Given the records underneath, please repeat exactly the lines from the line with "SigPouf con ruote Mango*Sitia Discount" through the line with "Margot Robbie - Barbie edition", passing over any picture.

» Source material
=-=-=-=-=
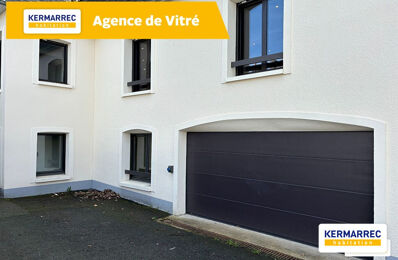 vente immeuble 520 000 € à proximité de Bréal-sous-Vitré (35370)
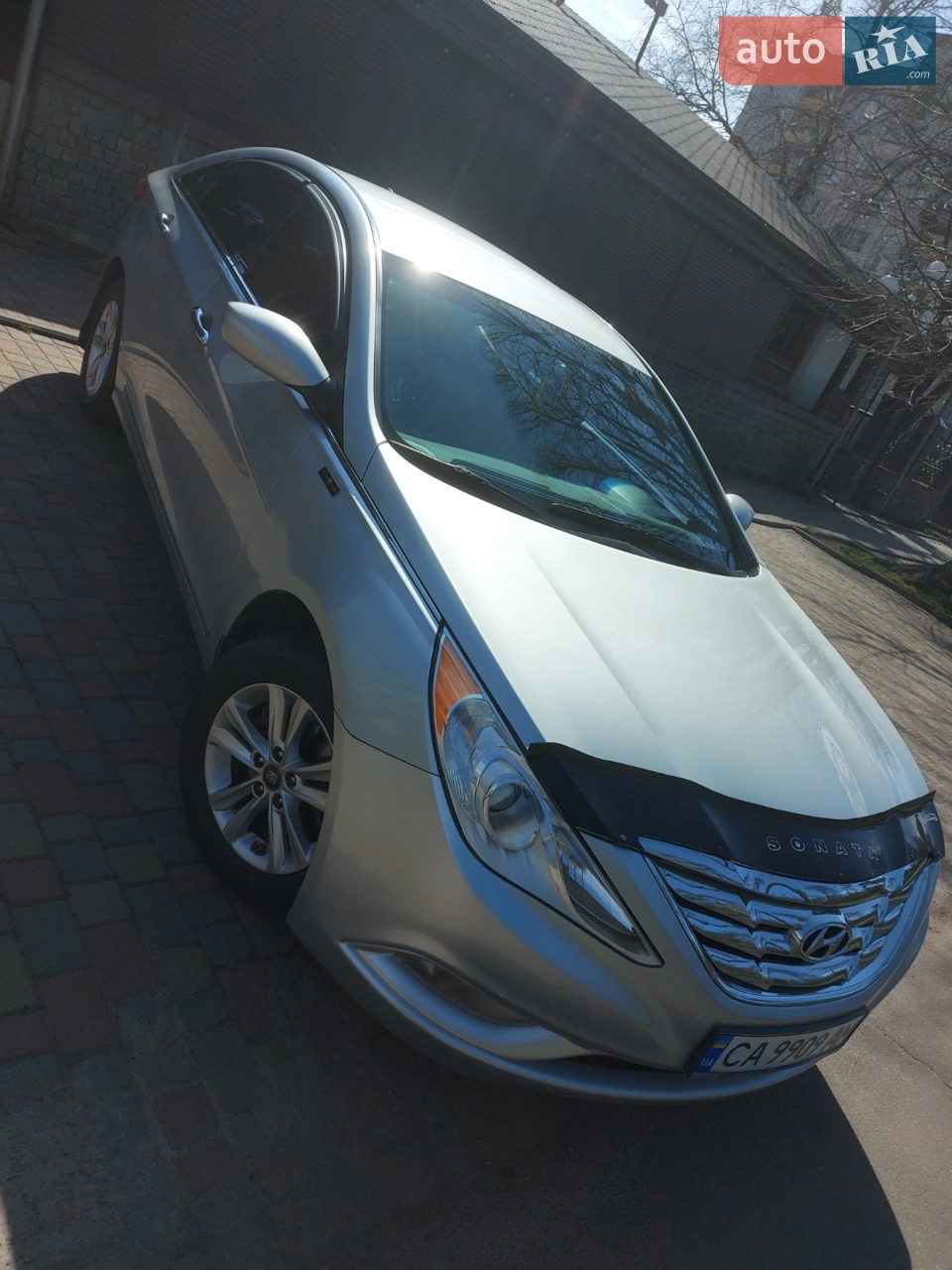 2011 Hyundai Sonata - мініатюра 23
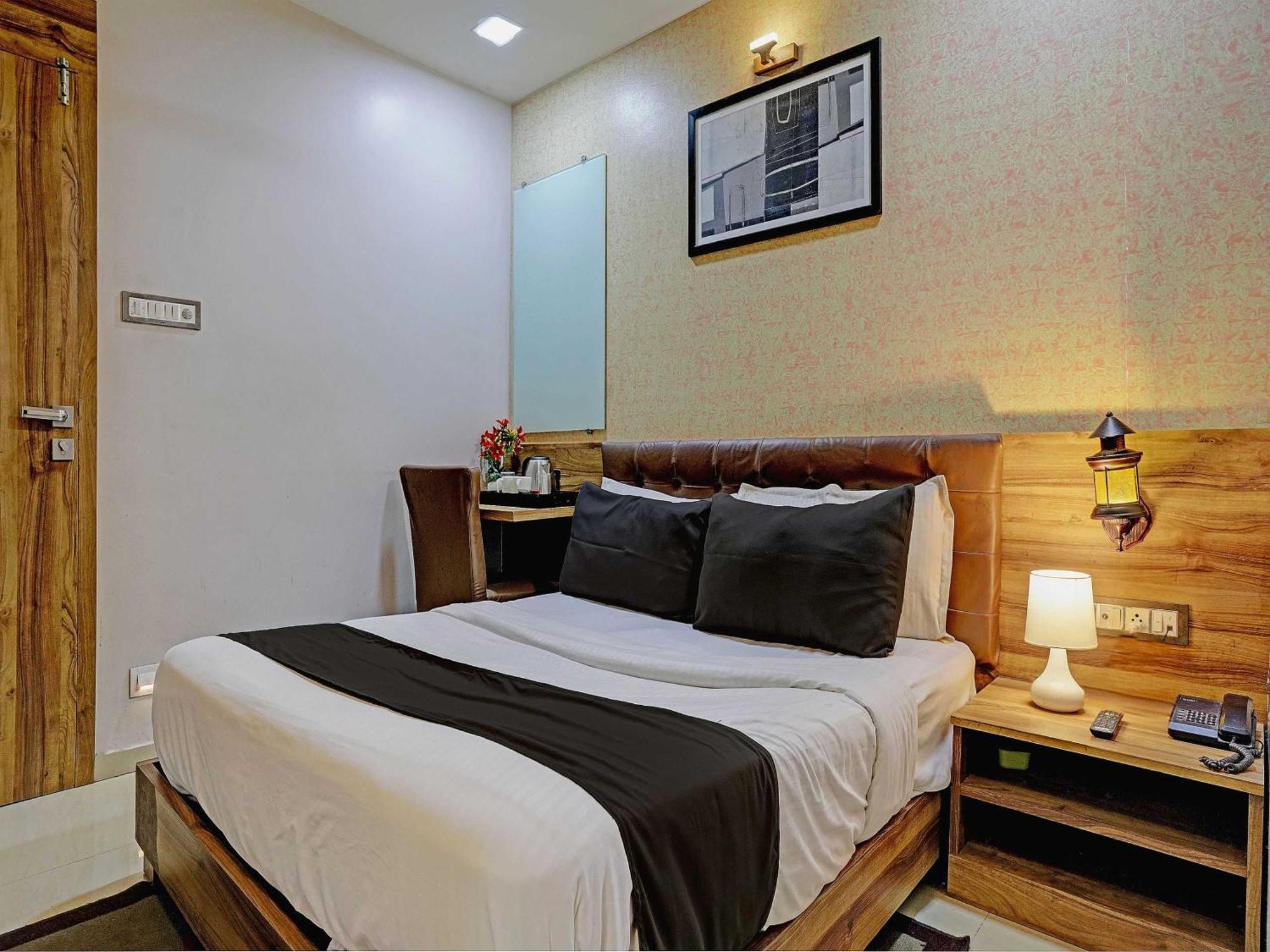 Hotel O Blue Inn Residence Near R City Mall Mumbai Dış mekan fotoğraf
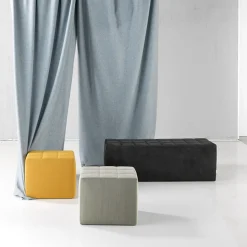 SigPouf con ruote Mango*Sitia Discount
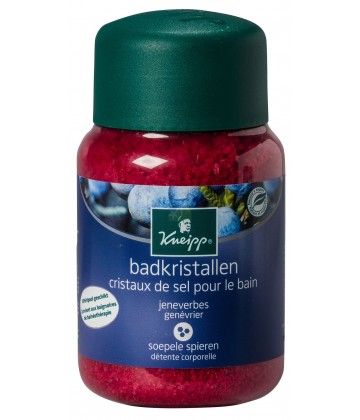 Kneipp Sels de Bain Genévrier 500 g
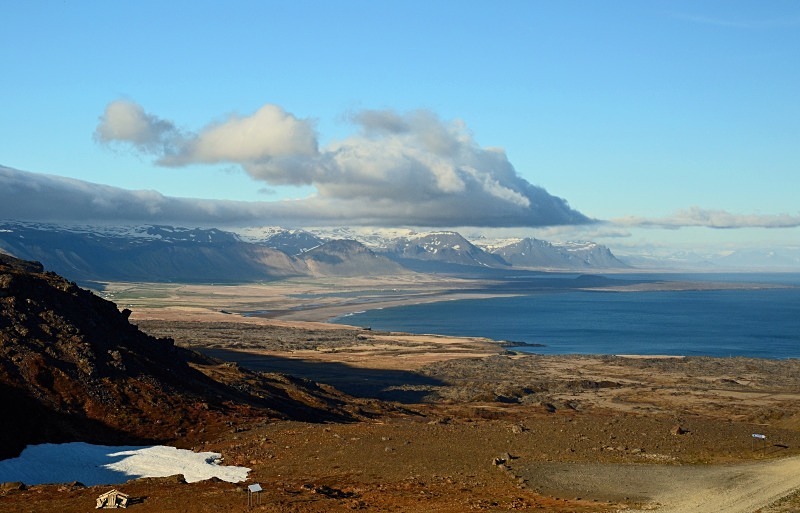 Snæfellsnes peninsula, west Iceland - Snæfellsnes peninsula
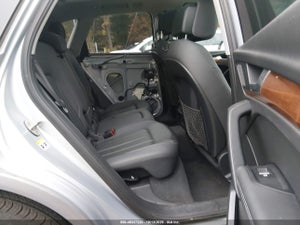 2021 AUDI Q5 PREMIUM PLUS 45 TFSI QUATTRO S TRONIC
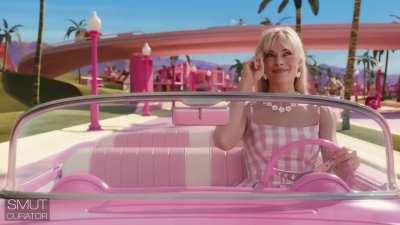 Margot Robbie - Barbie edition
=-=-=-=-=
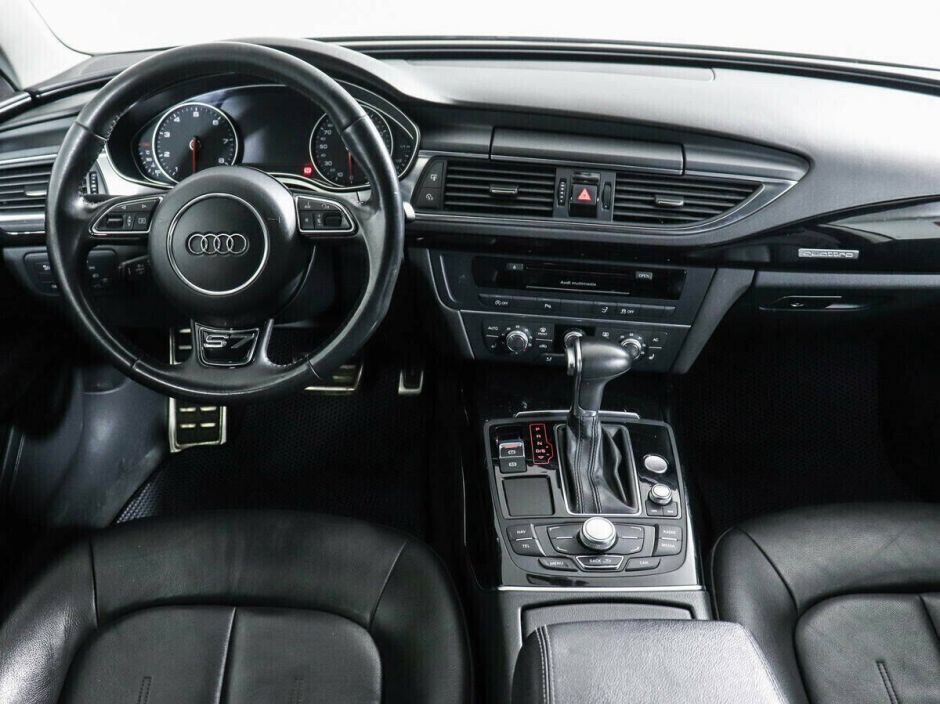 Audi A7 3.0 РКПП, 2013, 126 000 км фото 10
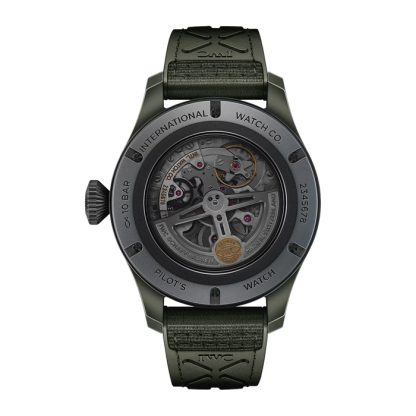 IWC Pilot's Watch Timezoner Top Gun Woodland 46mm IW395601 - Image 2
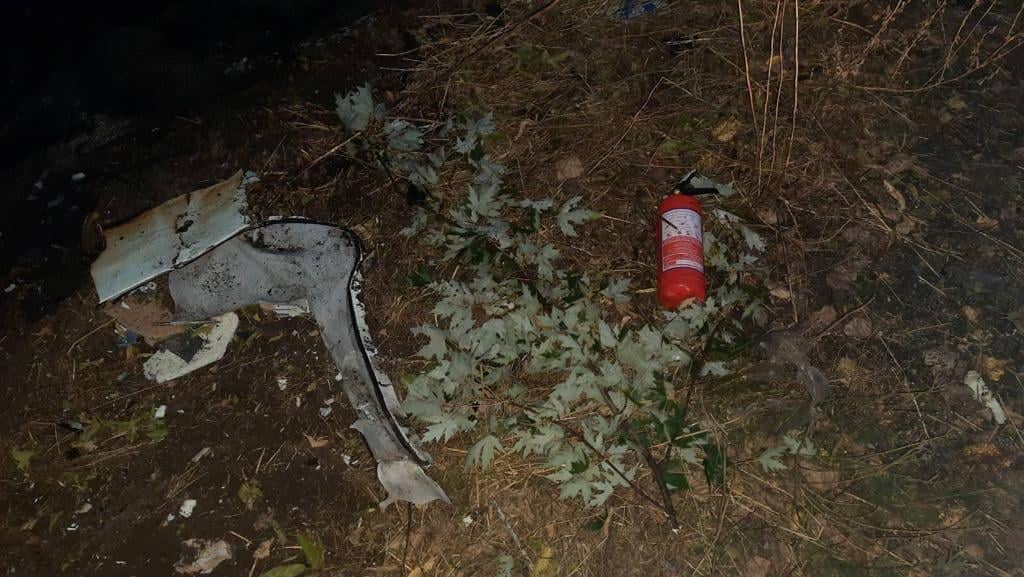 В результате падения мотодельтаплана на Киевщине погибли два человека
=-=-=-=-=
» Final answer
 SigPouf con ruote Mango*Sitia Discount
 Kneipp Sels de Bain Genévrier 500 g
 Snæfellsnes peninsula, west Iceland - Snæfellsnes peninsula
 2021 AUDI Q5 PREMIUM PLUS 45 TFSI QUATTRO S TRONIC
 Margot Robbie - Barbie edition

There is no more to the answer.